The reality is that _most_ people use the same username and password everywhere. So an attacker compromises phpBB or Wordpress (or name your favorite vunerable software here) somewhere and just uses those same credentials at other sites. If the user, by chance, didn't use the same password for another site - they probably DID use it for their email. The attacker has the users email address compromised and can simply request a password reset.
Or the attacker could simply use firesheep since SSL logins aren't forced (yet).
Or. Or. Or.
Can we please stop arguing about this now? We've established there is a hundred and one ways to break into someones account. Temp password length seems like a low hanging fruit, but really changing that makes no different (as we've established). Like find something else to argue about that would actually increase security, like attempting to break Ryan's shiny new HTTPS cluster.

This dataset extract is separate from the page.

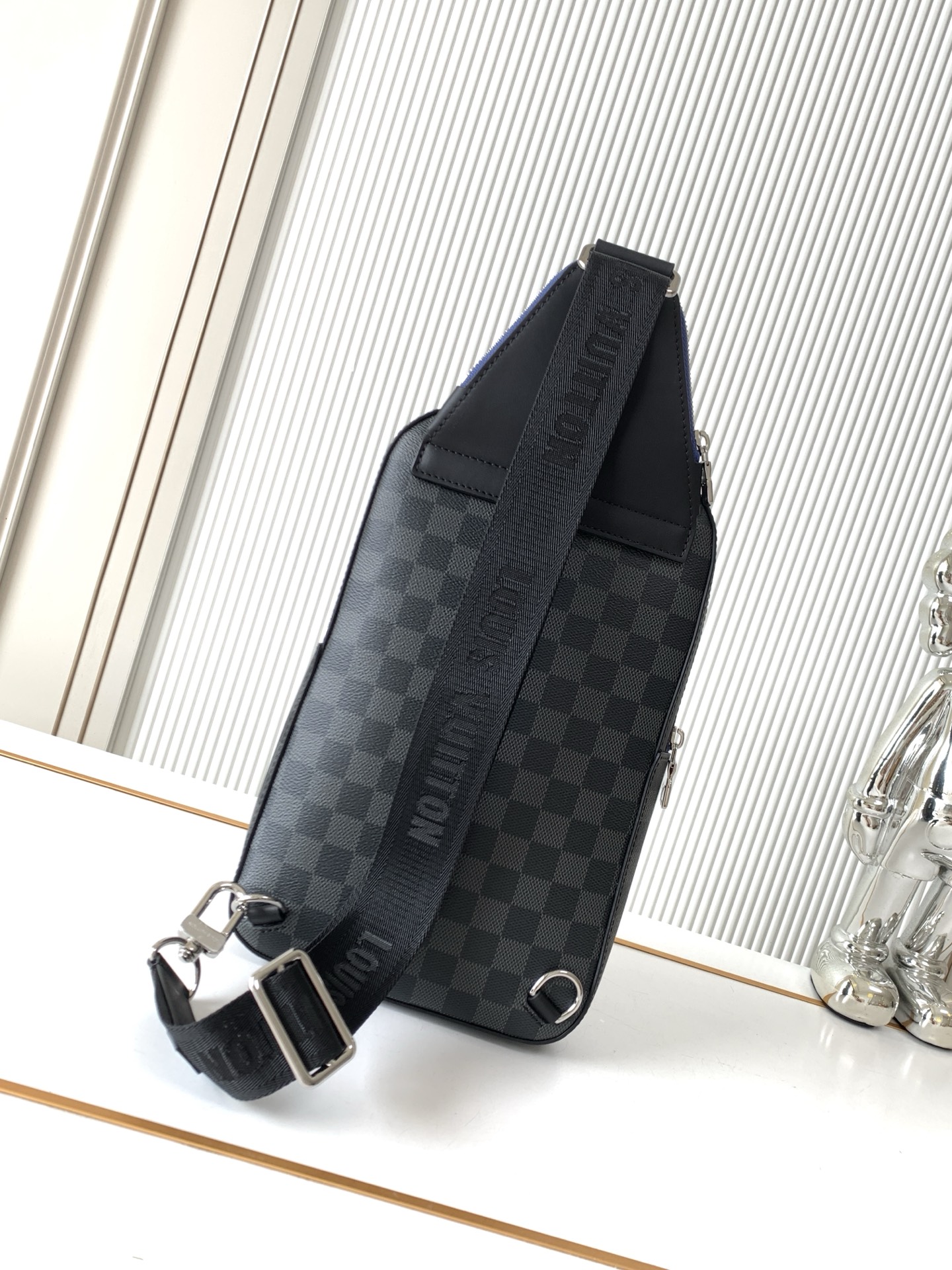 Louis Vuitton Avenue Shoulder Bag M45302 in Damier Graphite - Image 3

On Sun, Oct 30, 2011 at 10:47, Neil Harris neil@tonal.clara.co.uk wrote:
On 30/10/11 15:46, Thomas Dalton wrote:
On 30 October 2011 15:38, Neil Harrisneil@tonal.clara.co.uk wrote:
However, this is way, way, way lower risk than the current risk of brute-forcing low-hanging-fruit user passwords: for every user with a password generated by base64-encoding the output of /dev/random, there will be _thousands_ with passwords like "secret99" and "trustno1".
A password from /dev/random is extremely insecure. It is highly susceptible to the "find where they wrote it down because it's far too difficult to remember" attack.

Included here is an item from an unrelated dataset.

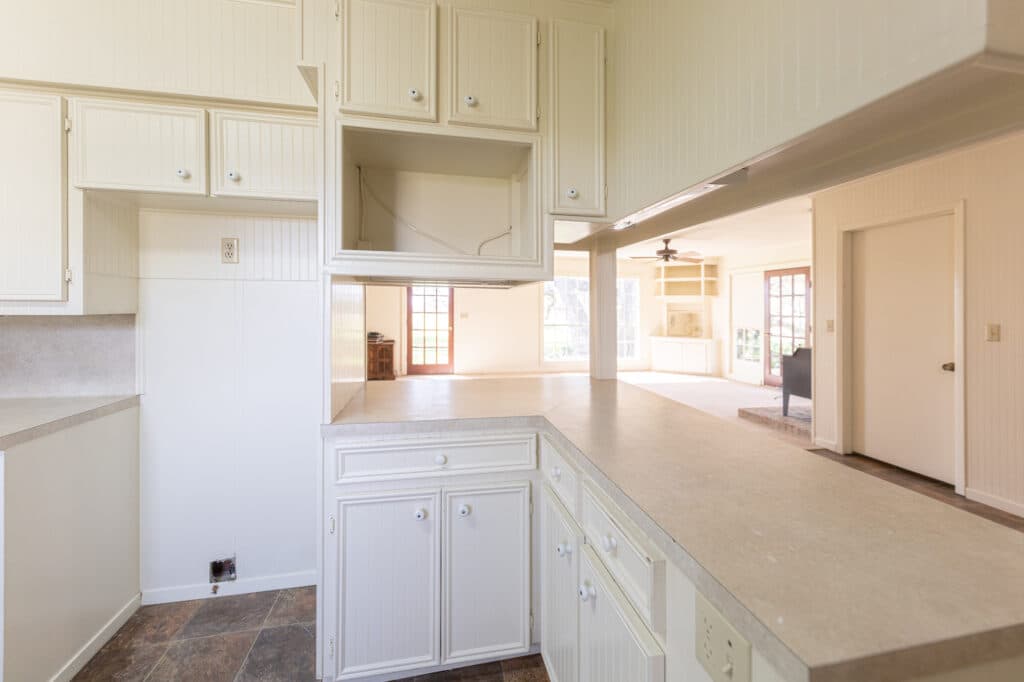 2272 US Hwy 90a, Hallettsville, TX 77964 — public listing photo 9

Obligatory xkcd link: http://xkcd.com/936/
If you keep it in the password cache of your browser, on a password-protected home directory on a laptop, that's probably secure enough for most people -- with a good enough password, that roughly the same level of security associated with an SSH key (long bit-pattern on disk + physical possession of the object with the bit pattern on + passphrase). [regarding passphrase strength -- obligatory XKCD link: http://xkcd.com/538/ ]
Again, we're concentrating too much on the moderately-secure part of the problem -- long-enough passwords used by security-conscious users -- and not paying enough attention to the weaker parts of the system such as the vast number of users (probably including many admins) with weak passwords, and the general failure to force a secure connection between the user and the site for login pages and logged-on sessions.
It's like having a thin cardboard box with a relatively weak wooden lid -- upgrading the strength of the cardboard box is a more urgent task than replacing the lid with a steel safe door.
Once those are fixed, by all means let's then turn our attention to things like temporary password lengths.
-- N.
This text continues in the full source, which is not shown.